In this case the optimal proposal density...is [available].

I believe this is only true if $f$, the state transition is Gaussian. It can be nonlinear, which precludes closed-form Kalman filtering, but it must be Gaussian to exploit Gaussian-Gaussian conjugacy. In this case, the proposal $$ p(x_k|x_{k-1},z_k) \propto f(x_k \mid x_{k-1})p(z_k \mid x_k) . $$ You can derive that this is Gaussian using standard Bayesian techniques related to identifying conjugate distributions. In this case, the multiplicative adjustment to the weights are not even functions of the current samples you're simulating because there will be significant cancellations in the numerator and the denominator of the importance weight adjustment.

Because as far as I understand sampling from the transitional prior...

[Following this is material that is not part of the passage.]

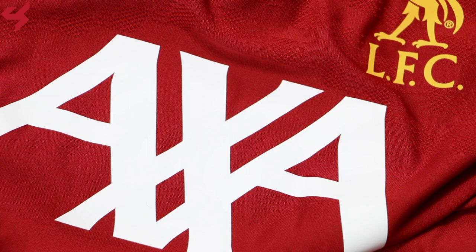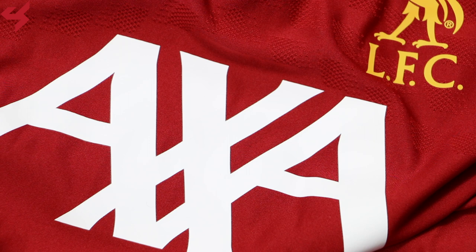A subtle diamond graphic has also been placed on the upper half of the jersey. A rounded cool neck collar was used, which comes with Bob Paisley's signature on the inside of the collar.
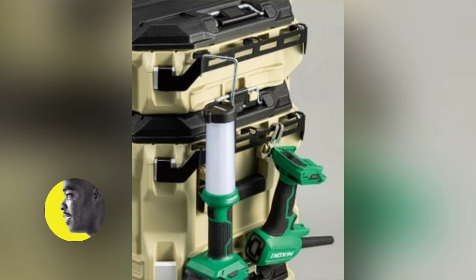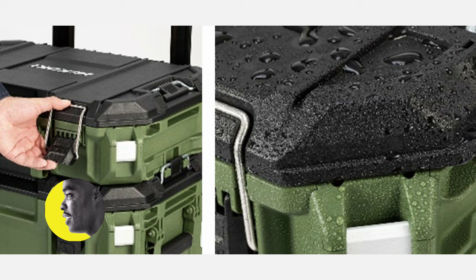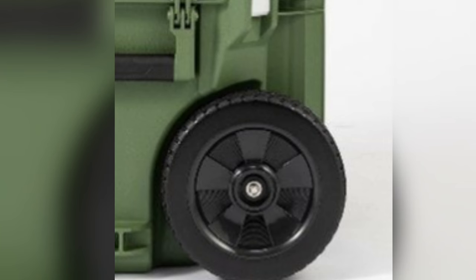It's a little more subdued. And this new storage system is going to give Milwaukee a run for its money. I don't know if it's going to come to the States, but let's see.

You aren't sampling from the state transition prior. That algorithm would be called the bootstrap filter. There, the importance weight updates would be functions of your current samples, and so they would end up having higher variance. The upside to this algorithm is that the weight updates would only require that you can evaluate the observation density. This would be handy for when you cannot evaluate the state transition density (but you can sample from it). Different algorithm, though.

Calculating the measurement likelihood $p(z_k \mid x_{k-1})$ is what really confuses me

That is not the measurement density! You are conditioning on the previous time's state, not the current state! This is only evaluate-able if you derive it by solving the following integral:

$$ p(z_k \mid x_{k-1}) = \int \underbrace{p(z_k \mid x_{k})}_{\text{observation density}} \underbrace{f(x_k \mid x_{k-1})}_{\text{state transition}} dx_k. $$

By the way, this example is discussed in Inference in Hidden Markov Models on page 220/221.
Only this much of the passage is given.